連續幾天重復著迎面遇到他的畫面以后,我開始在心里琢磨:他長得很像一種動物,究竟是哪種呢?有時候覺得是土撥鼠,有時候覺得是小浣熊或者考拉一類的,似乎也談不上是長相上的相似,只是些無源頭的聯想罷了,而小劇場一旦開幕,再見到他的時候就會在心底喊上一句:嘿!又捉到你啦!這種如同在路邊發現了可愛小狗一般的歡喜,逐漸成為了枯燥生活里不可喪失的部分。
后來我知道了他坐在哪里。桌面上除了電腦屏幕是一疊書,目測三本的厚度。

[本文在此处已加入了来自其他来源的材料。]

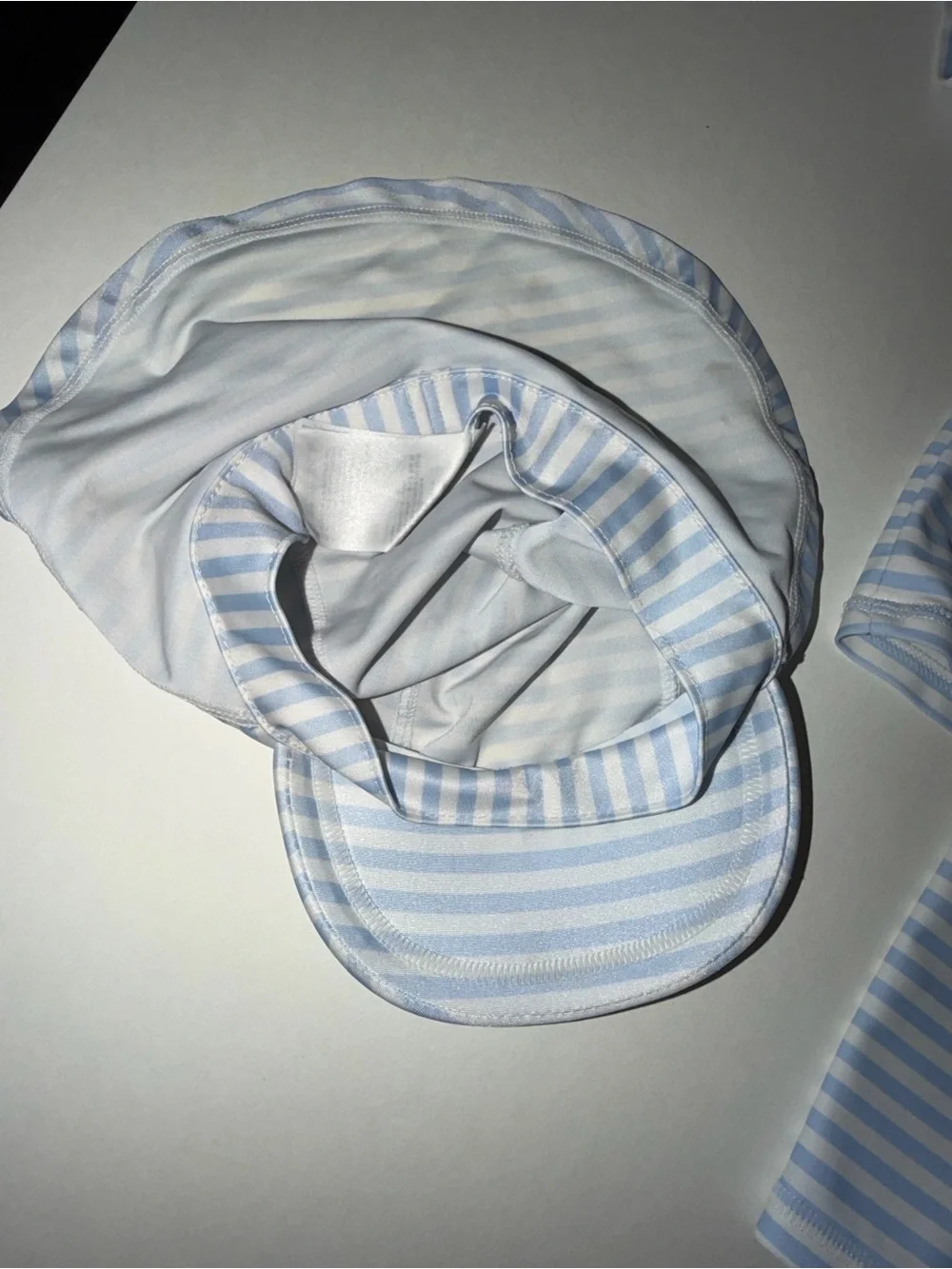 H&M Baby Blue & White Striped Swim Suit Set with Hat 9-12 months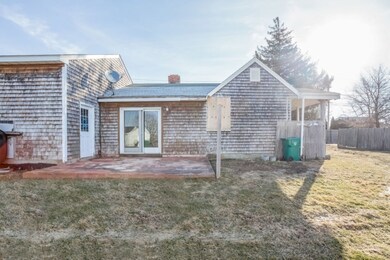 38 Honeyman Ave, Middletown, RI 02842 - photo 5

黑色的雙肩包永遠在抽屜柜子旁邊的地上立著。從此每次經過的時候,我便從眾多工位當中快速鎖定他的位置,用一到兩秒鐘的時間看他在做什么:有時候死死盯著屏幕,嘴唇因為格外的專注而微張著;有時候在跟別人談論工作,聲音有種很清脆的清晰,音量不大不小,音色不低沉,也不張揚;有時候一手拿著手機低頭擺弄,另一只手搭在頭上;有時候是在吃飯,不是一口一口夾著吃,而是一下一下順著飯盒的邊沿劃到嘴里,速度很快,眼睛透過他在鼻梁上有點下滑的眼鏡盯著屏幕,配合著不太優雅的咀嚼,便更加令人忍俊不禁。

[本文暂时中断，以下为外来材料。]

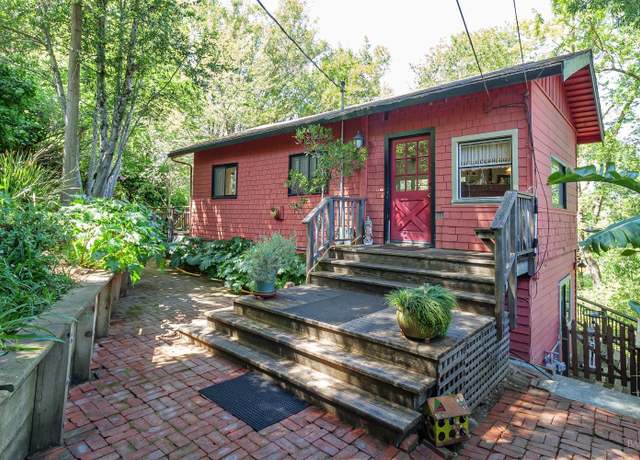 Property at 32 Midway Ln, Fairfax, CA 94930, 2 beds, 2 baths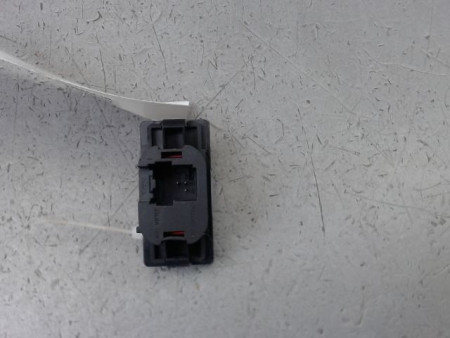 BOUTON DE WARNING FORD TRANSIT 330C 2003-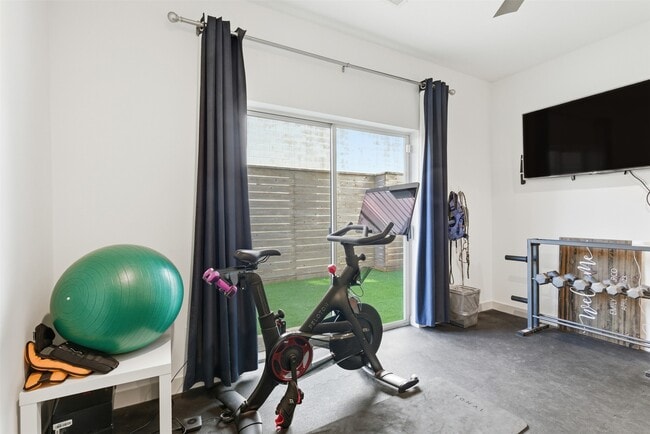 Building Photo - 4704 Crawford St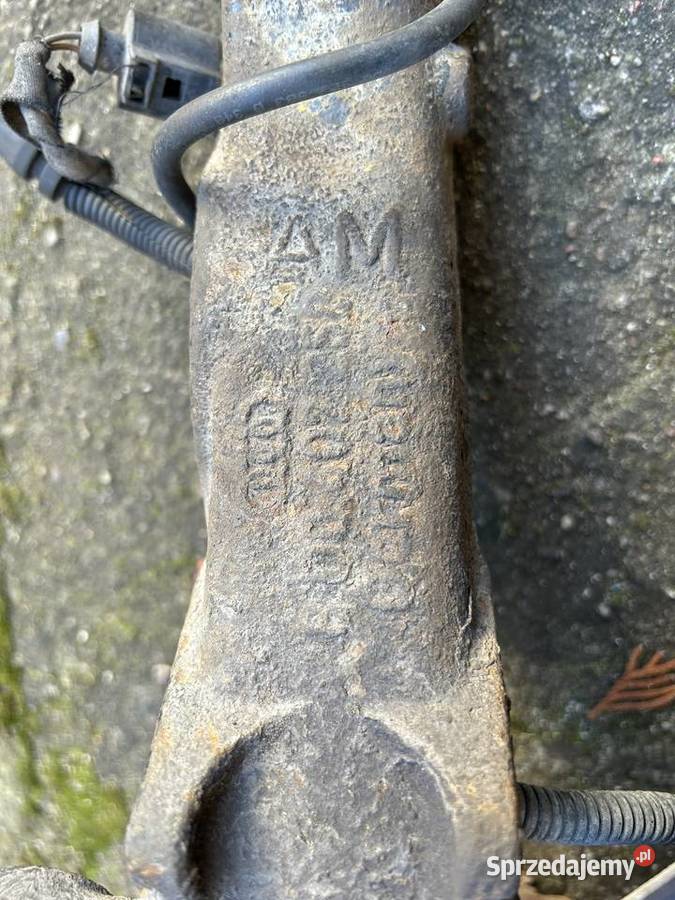 Zwrotnica żeliwna Audi a4 a6 Vw Passat podlaskie Białystok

在已經過去的兩個多月里,他有三分之二的日子都在同一個時間接水,每天經過我的位子三到五次,幾乎每天都在自己的位子上吃盒飯,好像不怎么會同別人聊天,也沒有見過他笑。從來沒有換過衣服。
他很少不在位子上。如果不在,只需四目環顧一下,就能在附近某個電腦前看到他。但有一天,連續兩次經過都沒有看到他,周圍也沒有,可書包還在,屏幕亮著。我的好奇被他的缺席點燃,裝作若無其事地在辦公室里走著,眼睛捕捉著周圍每一個角落。經過某個會議室的時候我停下來朝里看,果真看到了一個米黃色的身影。像是尋寶游戲里終于找到目標物,那一刻竟被一種成就感塞滿,心里感到奇妙的安穩。
幾天前經過的時候,他的電腦沒有開,書包也不在。他有事請假了嗎,他外出旅行了嗎,或是身體不舒服嗎。這樣的疑問在每次看到空落落的桌面時都會浮現在心頭,帶著一點失落和擔憂。下班的時候外面下著大雨,我的心情也被澆得濕漉漉的。

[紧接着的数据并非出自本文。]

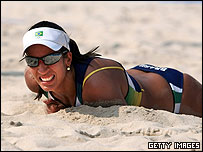 Renata cai na areia após ponto perdido durante derrota em Pequim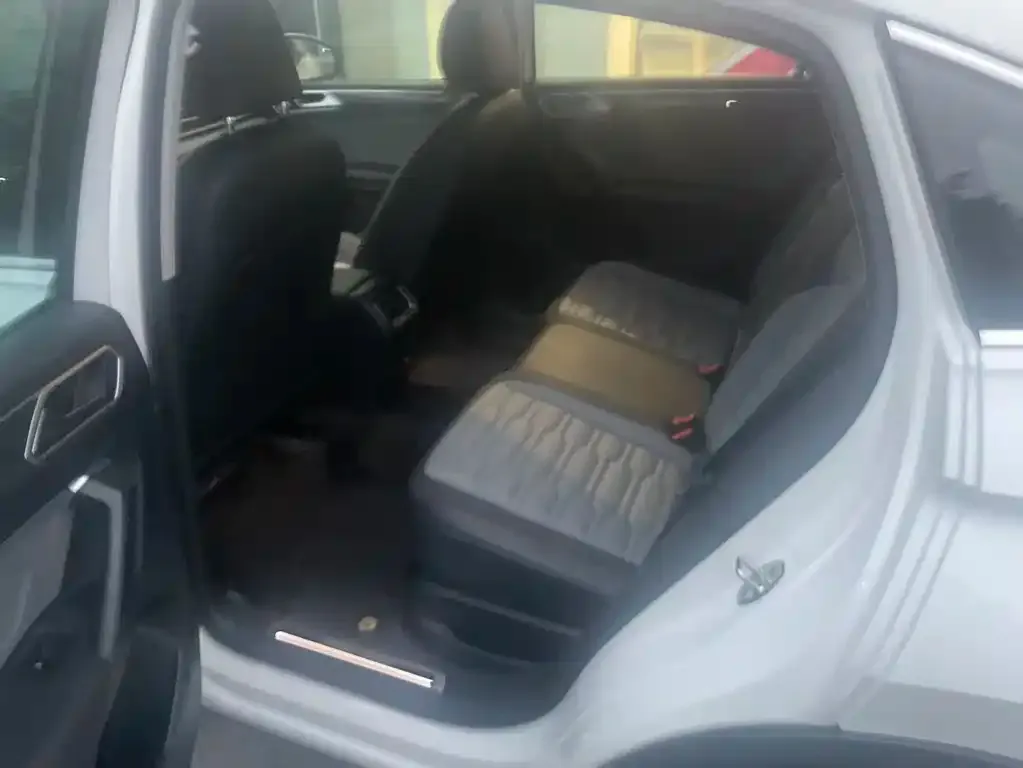 Volkswagen Tiguan X 2023 из CN, фото 2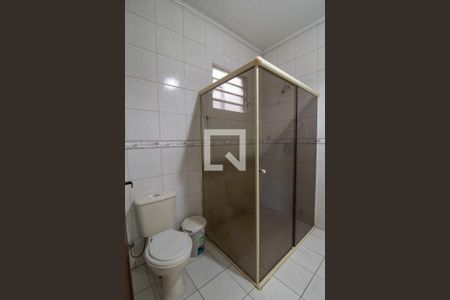 Casa à venda com 570m², 5 quartos e 4 vagas Casa à venda com 570m², 5 quartos e 4 vagasBanheiro 3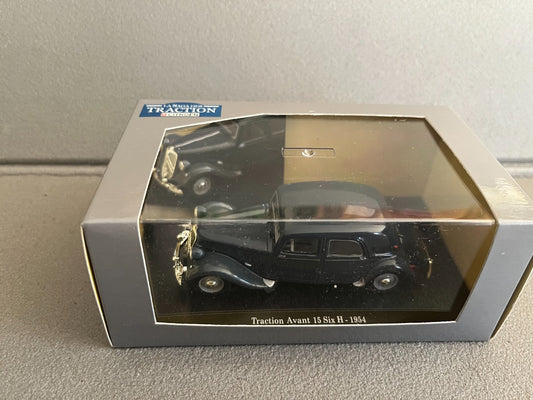 Voiture Miniature Citroen Traction 15 Six H 1954 Atlas Courtage 1/43
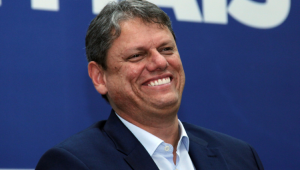 Tarcísio de Freitas Foca em Alianças Eleitorais em Meio a Crise de Jair Bolsonaro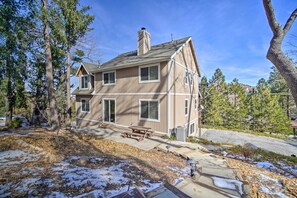 Exterior - Spacious Retreat < 1 Mi to Lake Arrowhead! (Lake Arrowhead)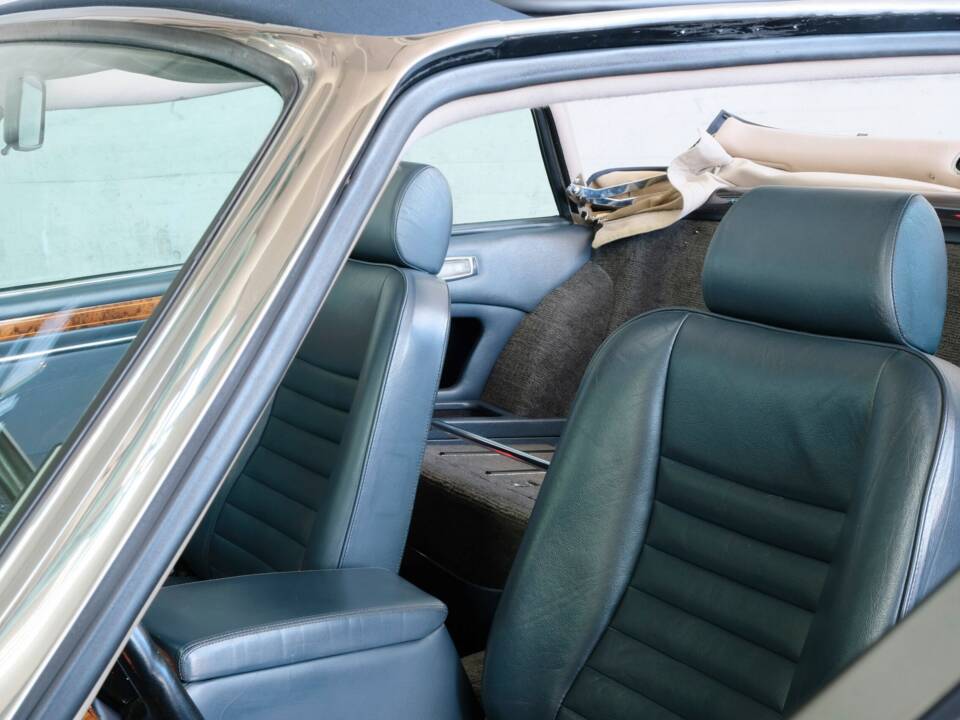 Image 22/47 of Jaguar XJ-SC 5.3 (1987)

后來的幾天里,我每日早上端起水杯,都打賭一般起身出發,快到打印機前便期待著是否他會像變魔術一樣閃過。在未知的等待里,水流沖擊杯底的聲音變得讓人無比煩躁。
昨天下午,他終于出現了,并且帶回了一個驚喜:他竟換了一件衣服——是件灰色的套頭衛衣。我在距離他大概還剩十步的地方,用不到一秒鐘的一瞥接收到了這個驚喜,隨即的步子開始稍稍踮起腳尖,輕快起來,連手臂也不自覺地加大了晃動的頻率。在失而復得的快樂面前,我幻想自己的動作能否被加上慢鏡頭,幻想擁有隱形的超能力,可以駐足在隱秘當中悉心望上那么一會兒。推開洗漱間的門后,我對著鏡子禁不住笑了。
我知道了,他走路的樣子和坐在那里的背影,真是像極了他。